**What the exercise asks**
Print the data exactly as written, but leave out each picture.

**Data block**

....................

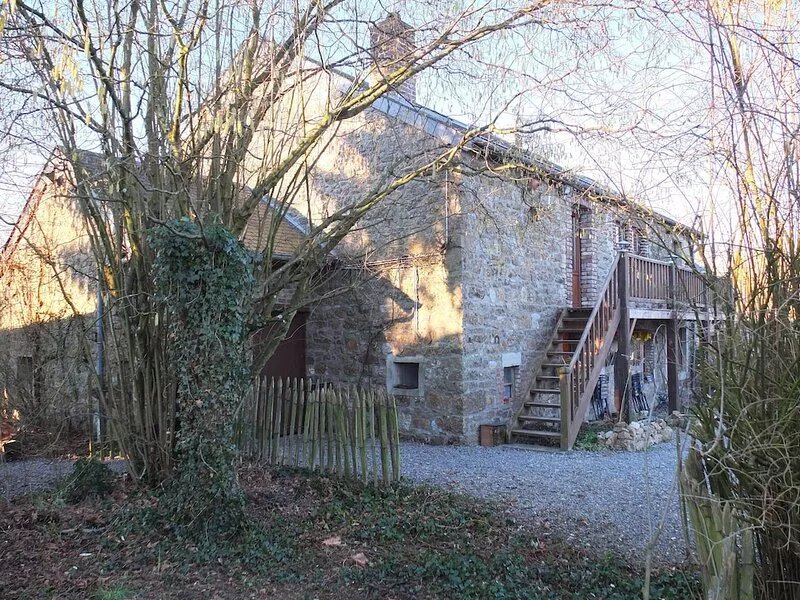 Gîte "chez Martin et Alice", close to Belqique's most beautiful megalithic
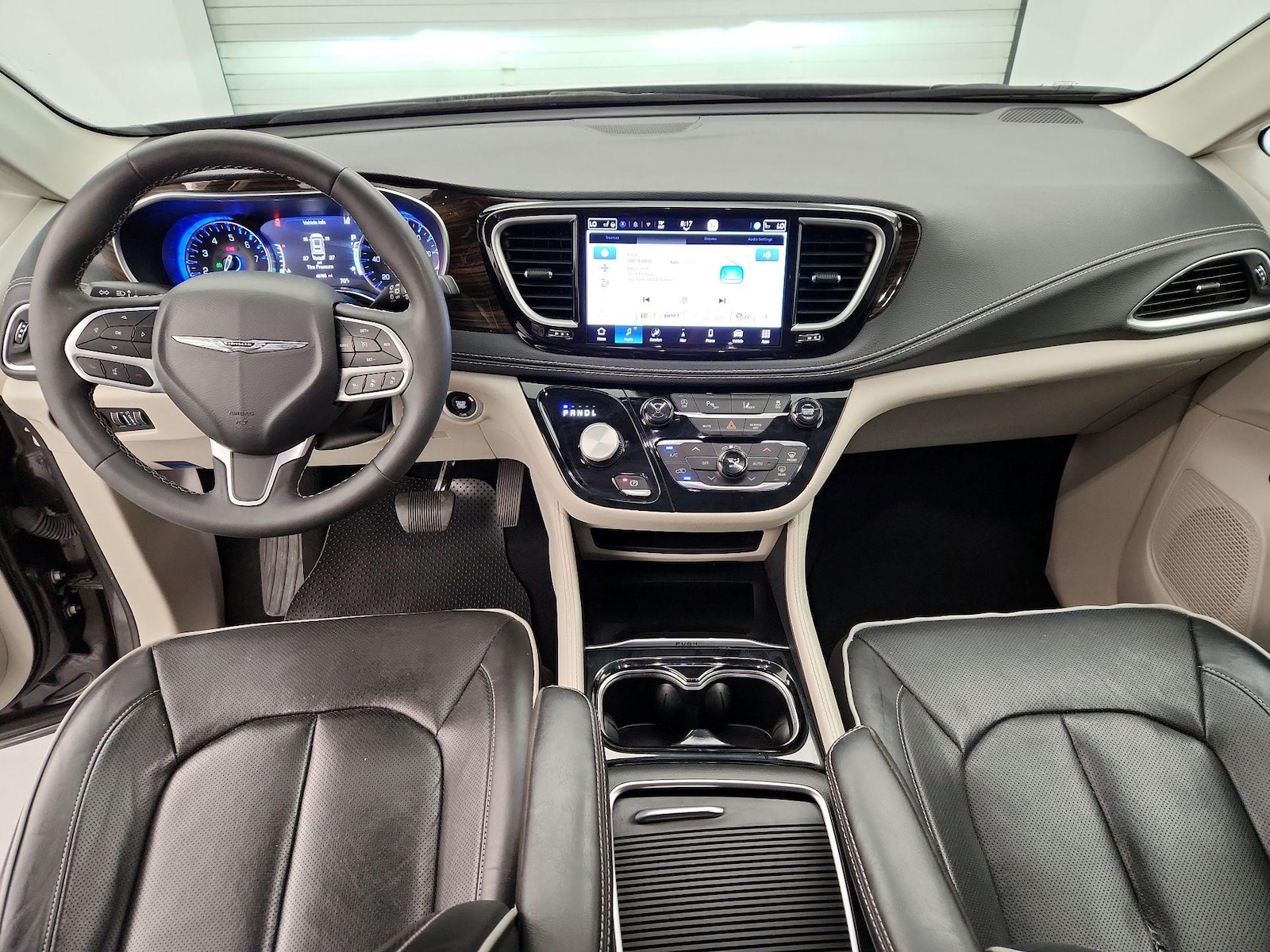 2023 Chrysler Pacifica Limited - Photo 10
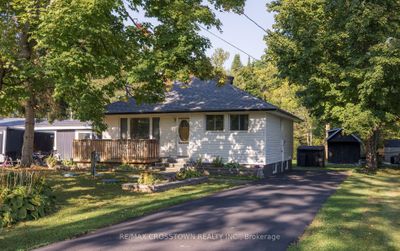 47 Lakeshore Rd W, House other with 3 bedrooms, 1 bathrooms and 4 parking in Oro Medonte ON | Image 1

....................

**Your response**
 Gîte "chez Martin et Alice", close to Belqique's most beautiful megalithic
 2023 Chrysler Pacifica Limited - Photo 10
 47 Lakeshore Rd W, House other with 3 bedrooms, 1 bathrooms and 4 parking in Oro Medonte ON | Image 1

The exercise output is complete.